La Monja on Ruta

Ruta de las Caras in Cuenca, Spain

One unheralded day in 1992, among the young pines on the southern banks of Spain’s Buendía reservoir, Madrileños Eulogio Reguillo and Jorge Maldonado hoisted chisels to sandstone to commence the sculpture shown above. La Monja, they called it; they started a second sculpture, and a third.

Twenty sculptures and bas-reliefs now grace the woodsy, 1.5 kilometer “route of the faces” in Cuenca’s scenic middle-of-nowhere between Madrid and the province’s eponymous capital city.

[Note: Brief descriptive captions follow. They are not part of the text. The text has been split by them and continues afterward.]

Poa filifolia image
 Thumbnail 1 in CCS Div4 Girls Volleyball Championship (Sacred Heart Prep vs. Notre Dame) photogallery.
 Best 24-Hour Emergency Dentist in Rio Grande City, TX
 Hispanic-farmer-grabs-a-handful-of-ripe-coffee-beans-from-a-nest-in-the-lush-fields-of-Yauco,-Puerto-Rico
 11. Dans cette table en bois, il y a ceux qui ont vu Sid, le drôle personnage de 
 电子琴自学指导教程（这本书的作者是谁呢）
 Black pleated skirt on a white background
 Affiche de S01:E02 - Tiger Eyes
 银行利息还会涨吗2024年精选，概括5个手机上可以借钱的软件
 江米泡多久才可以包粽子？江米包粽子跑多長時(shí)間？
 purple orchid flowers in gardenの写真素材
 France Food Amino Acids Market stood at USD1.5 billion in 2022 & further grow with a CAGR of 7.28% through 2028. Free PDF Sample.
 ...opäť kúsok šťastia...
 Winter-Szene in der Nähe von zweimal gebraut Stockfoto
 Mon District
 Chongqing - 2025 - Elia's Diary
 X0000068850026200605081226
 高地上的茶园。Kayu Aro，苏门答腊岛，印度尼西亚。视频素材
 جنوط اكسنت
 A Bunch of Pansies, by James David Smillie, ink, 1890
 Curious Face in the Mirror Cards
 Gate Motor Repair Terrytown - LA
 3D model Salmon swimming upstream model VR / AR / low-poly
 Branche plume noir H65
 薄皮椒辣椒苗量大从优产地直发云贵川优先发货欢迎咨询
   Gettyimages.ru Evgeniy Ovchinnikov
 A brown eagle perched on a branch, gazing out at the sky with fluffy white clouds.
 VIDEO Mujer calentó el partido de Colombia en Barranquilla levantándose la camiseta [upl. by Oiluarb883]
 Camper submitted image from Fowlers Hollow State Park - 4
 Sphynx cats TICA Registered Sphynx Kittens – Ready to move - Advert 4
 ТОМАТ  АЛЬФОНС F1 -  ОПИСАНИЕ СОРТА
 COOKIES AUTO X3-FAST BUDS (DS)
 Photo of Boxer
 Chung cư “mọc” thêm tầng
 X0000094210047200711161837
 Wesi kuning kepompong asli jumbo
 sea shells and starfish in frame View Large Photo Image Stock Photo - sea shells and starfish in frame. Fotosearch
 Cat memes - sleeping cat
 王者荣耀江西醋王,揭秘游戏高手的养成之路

Castilian internautas have gushed over las caras; English writers, far less.

You’re probably a potential sightseer, if you’ve read this far. I’ll cut to the chase: should you visit?

Sculptures of Maitreya and Arujuna on Ruta de las Caras in Spain
Sculptures of Maitreya and Arjuna on Ruta de las Caras in Spain

You betcha, if traveling by private vehicle on an unhurried itinerary east of Madrid. Especially with kids. The trails are gentle, easily navigated; the scenic reservoir is worth visiting in its own right. No lines, no crowds. Nature, art, serenity! OpenStreetMap knows how to get there, so does Google.

A regretful No, if pressed for time in Spain and without a personal vehicle, like the rental booked for this trip. The reservoir is capital R Remote, many kilometers from other sights that might attract a wave of a selfie stick. Buendía’s ayuntamiento reports fewer than five hundred inhabitants, and I didn’t spot any while traveling to or from las caras.